Poet Spotlight: Michelle Scalise on the horrors of grief

Since 1994, Michelle Scalise‘s work has appeared in such anthologies as Unspeakable Horror, Darker Side, Mortis OperendiI, Dark Arts, The Big Book of Erotic Ghost Stories, Best Women’s Erotica, and such magazines as Cemetery Dance, Crimewave, Space And Time, and Dark Discoveries. She was nominated for the 2010 Spectrum Award, which honors outstanding works of fantasy and horror that include positive gay characters. Her poetry has been nominated for the Elgin Award and the Rhysling Award. Her fiction has received honorable mention in Years Best Fantasy and Horror.
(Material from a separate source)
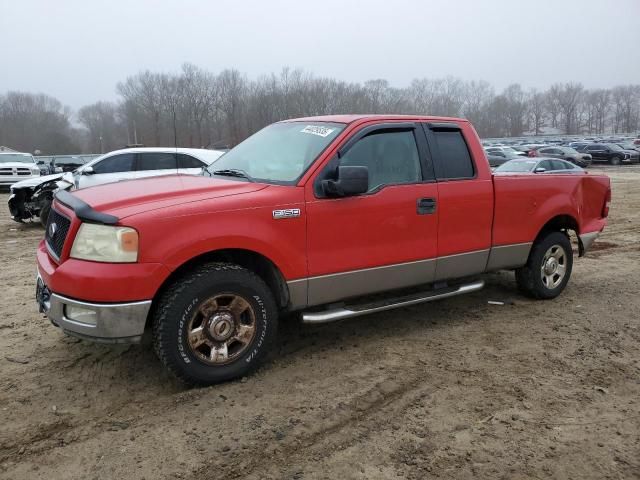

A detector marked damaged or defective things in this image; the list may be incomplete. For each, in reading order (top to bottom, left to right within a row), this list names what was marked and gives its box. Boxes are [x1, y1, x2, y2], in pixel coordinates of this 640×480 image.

damaged car [8, 146, 225, 225]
Her latest poetry has been chosen by the Horror Writers Association for their anthology Horror Poetry Showcase: Volume I and II.

Her fiction collection, Collective Suicide, was published by Crossroad Press in 2012. In 2014, Eldritch Press published a collection of her poetry, The Manufacturer of Sorrow in paperback and ebook. It became a bestseller in the women writers category on Amazon. In May of 2019, her latest collection of poetry, Dragonfly and Other Songs of Mourning, was published by Lycan Valley Press. Michelle was raised in Kent, Ohio and is married to bestselling author Tom Piccirilli.

Your collection, Dragonfly and Other Songs of Mourning, delves into the brutal emotional intimacy of loss, pain, and abuse. Can you tell us about the book and the story it’s trying to tell? 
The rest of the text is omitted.